Y cuando un mismo error aparece en todas tus piezas —tu holgura estándar agujero-eje, el corrimiento típico de tu impresora—, deja de medirlo una y otra vez. Mídelo una vez, anótalo como tu corrección calibrada (tu offset) y arranca los diseños nuevos ya compensados. Ese número se traslada con tres condiciones. La primera: que orientes la pieza igual que el cupón con el que lo mediste, porque el sesgo en el plano XY no es el mismo que en altura, y un agujero impreso en horizontal sale ovalado y cerrado por arriba —algo que un calibre a un solo diámetro no capta: mide dos ejes—. La segunda: que el diámetro sea parecido, porque el peso relativo del error de cordón cambia con el tamaño. La tercera: que no toques material ni temperaturas. La contracción no es un sesgo fijo, depende del salto térmico y de la longitud de la cota, así que cambiar de PETG a PLA, abrir un cerramiento o subir la cama puede anular tu corrección por completo. Reutilízala dentro de esas condiciones; la iteración queda para las sorpresas de cada pieza, no para reaprender constantes que ya mediste (los valores material a material están en Holguras impresas reales).
| Paso | Qué haces | Con qué |
|---|---|---|
| Imprime | la pieza barata, no el conjunto | el cupón o la mitad pequeña |
| Mide | la característica contra su nominal | calibre, a media altura, ya fría |
| Calcula | diferencia = medido − nominal | con su signo |
| Corrige | mueve la cota en el modelo | la diferencia medida, sin pasarte |
| Para | cuando el ajuste entra en la holgura que pide la función | el propio mecanismo |
El objetivo es un rango, no un punto
El bucle no busca la cota perfecta: busca un ajuste que cumpla su función, y eso es un rango, no un punto. Un pivote que tiene que girar libre acepta cualquier holgura entre, digamos, 0,10 y 0,25 mm por lado según el diámetro y la altura de capa; en cuanto caes dentro de esa ventana, gira sin agarrotarse y sin bailar, y seguir afinando décimas no te compra nada. Pásate de holgura y el pivote cabecea; quédate corto y se agarrota. Perseguir el número "exacto" más allá del rango es gastar impresiones para mejorar una cifra que la función ya no distingue.

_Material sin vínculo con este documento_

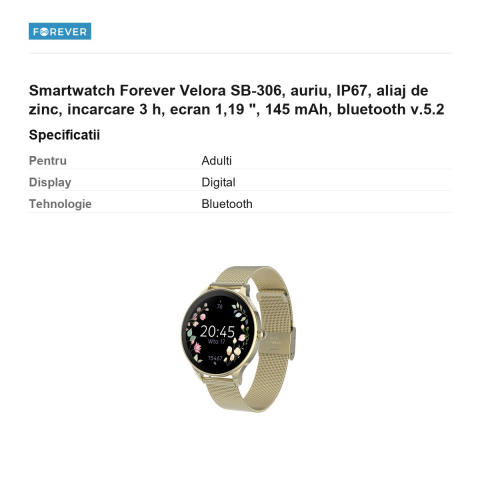 Smartwatch Forever Velora SB-306, auriu, IP67, aliaj de zinc, incarcare 3 h, ecran 1,19 ", 145 mAh, bluetooth v.5.2 [2]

Por eso el criterio de parada no es la medida del calibre, sino el comportamiento de la pieza: ¿gira sin agarrotarse? ¿desliza sin juego? ¿el pasador entra a mano y sujeta? Cuando la respuesta es sí, has cerrado la cota, aunque el número no sea redondo. La holgura objetivo de cada función —libre, deslizante sin juego, posicionado, a presión— y por qué cada una es un rango y no un valor único están en Holguras impresas reales; el bucle de este artículo es la herramienta con la que aterrizas en ese rango.
Si unes el proceso completo, la etapa final es siempre este ciclo corto: imprime lo barato, mide contra el nominal, aplica la diferencia a la cota, actualiza el modelo y vuelve a imprimir. Cada pasada cuesta menos que la anterior porque corriges una cantidad conocida en lugar de explorar a ciegas. La primera impresión no es la respuesta: es la primera medición, y todo lo demás es dejar que el modelo recoja lo que el calibre te dice.